本検討会は、AIやクラウド技術を活用した次世代型ホスピタリティ教育の可能性を探る産学連携の取り組みです。
同検討会には、ザ・ペニンシュラ東京、株式会社JTB、日本能率協会(JMA)、川村学園女子大学、東洋大学、テックウェイ、アマゾン ウェブ サービス ジャパンが参加し、業界横断的な知見の共有と課題解決を目指しました。
■ アマゾン ウェブ サービス ジャパンによる講演:クラウドとAIの基礎からホテル現場への応用へ
本検討会には、アマゾン ウェブ サービス ジャパンから講師を招き、クラウドコンピューティングとAI技術の基本的な概念、およびそれらをホテル業界でどのように活用できるかについて解説が行われました。
・クラウドによる柔軟でセキュアなデータ管理
・AIサービス(Amazon Bedrock、Amazon SageMaker など)の基礎構造と活用事例
・多言語対応やスキル評価へのリアルタイムAI適用の可能性
・人材育成の現場における導入効果と注意点
参加者からは、「クラウドとAIの実態を改めて体系的に理解できた」「現場への導入を具体的に検討するうえで有意義だった」といった声が多数寄せられました。
■ テックウェイの発表内容と貢献
株式会社テックウェイからは、代表取締役社長 瀬尾 博文氏が登壇し、以下の事例と提案を発表しました:
・AIアバターを活用した宿泊スタッフ教育ソリューション
・外国人や新人スタッフが短期間で実務を習得できるAIトレーニングの実例
・自動翻訳や対話型AIによる多言語接客サポートのデモンストレーション
・教育DXによるコスト削減とサービス品質の両立
・AWSクラウドと連携した生成AI活用による教育プロセスの効率化
こうした内容は、教育現場のリアルな課題に即したソリューションとして、参加者の高い関心を集めました。
■ 今後の予定
今回の検討会は、2025年5月の第1回会合に続くものであり、2025年度末までに研究成果を集約し、AIとクラウドを活用したホスピタリティ教育モデルの体系化と書籍としての刊行を予定しています。
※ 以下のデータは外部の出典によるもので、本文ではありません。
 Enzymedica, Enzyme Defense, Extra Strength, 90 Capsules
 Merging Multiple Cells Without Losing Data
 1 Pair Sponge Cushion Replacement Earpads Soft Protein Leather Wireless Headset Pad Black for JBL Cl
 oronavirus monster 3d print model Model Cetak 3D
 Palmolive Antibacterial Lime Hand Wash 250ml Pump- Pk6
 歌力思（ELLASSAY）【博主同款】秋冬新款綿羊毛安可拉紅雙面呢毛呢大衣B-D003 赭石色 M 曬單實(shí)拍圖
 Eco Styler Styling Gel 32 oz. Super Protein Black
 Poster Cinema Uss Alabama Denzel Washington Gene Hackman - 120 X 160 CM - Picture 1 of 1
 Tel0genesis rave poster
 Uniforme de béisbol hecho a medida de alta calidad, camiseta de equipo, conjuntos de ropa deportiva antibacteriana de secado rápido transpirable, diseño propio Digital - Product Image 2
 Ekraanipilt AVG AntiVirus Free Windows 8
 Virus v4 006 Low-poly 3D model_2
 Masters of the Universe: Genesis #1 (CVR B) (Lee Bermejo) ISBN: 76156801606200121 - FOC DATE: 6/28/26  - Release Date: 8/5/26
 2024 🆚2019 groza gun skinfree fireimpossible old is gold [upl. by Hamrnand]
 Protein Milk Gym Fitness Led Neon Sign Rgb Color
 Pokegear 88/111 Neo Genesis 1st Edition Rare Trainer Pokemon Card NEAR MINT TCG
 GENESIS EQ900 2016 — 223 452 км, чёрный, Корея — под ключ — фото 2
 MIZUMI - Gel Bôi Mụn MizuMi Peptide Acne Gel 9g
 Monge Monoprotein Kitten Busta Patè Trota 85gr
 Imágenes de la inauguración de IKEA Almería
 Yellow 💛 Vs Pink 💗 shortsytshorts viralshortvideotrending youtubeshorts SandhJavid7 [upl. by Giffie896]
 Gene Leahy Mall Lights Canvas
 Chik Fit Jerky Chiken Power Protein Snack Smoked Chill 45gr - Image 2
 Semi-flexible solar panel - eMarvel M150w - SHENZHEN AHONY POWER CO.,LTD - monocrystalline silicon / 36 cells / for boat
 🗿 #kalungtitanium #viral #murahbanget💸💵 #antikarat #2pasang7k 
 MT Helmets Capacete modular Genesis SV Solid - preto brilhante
今後も定期的な会合を通じて、ホテル業界における人材育成の高度化と、産学官の連携強化による現場実装の促進を目指してまいります。
■ 東洋大学 国際観光学部 国際観光学科 准教授 徳江 順一郎氏からのコメント
「ホスピタリティ産業における人材育成は、従来OJTや属人的な指導に依存してきましたが、人口減少や国際化の進展により、教育手法の再構築が急務となっています。本検討会では、AIおよびデジタル技術を補助的手段として活用し、現場で共有されてきた暗黙知の可視化と継承、ならびに教育の標準化や効率化をいかに両立させるかを主要な論点として議論を進めています。テクノロジーの導入が人間性を損なうのではなく、むしろ本質的なホスピタリティの深化に寄与する道筋を、実証的かつ理論的に探求する場として本検討会を位置づけています。
今後は、国内外の事例研究やフィールド実証を通じて、産学共同での教育モデルの設計指針や評価指標の策定、学術論文・実務ガイドラインとしての発信を目指してまいります。」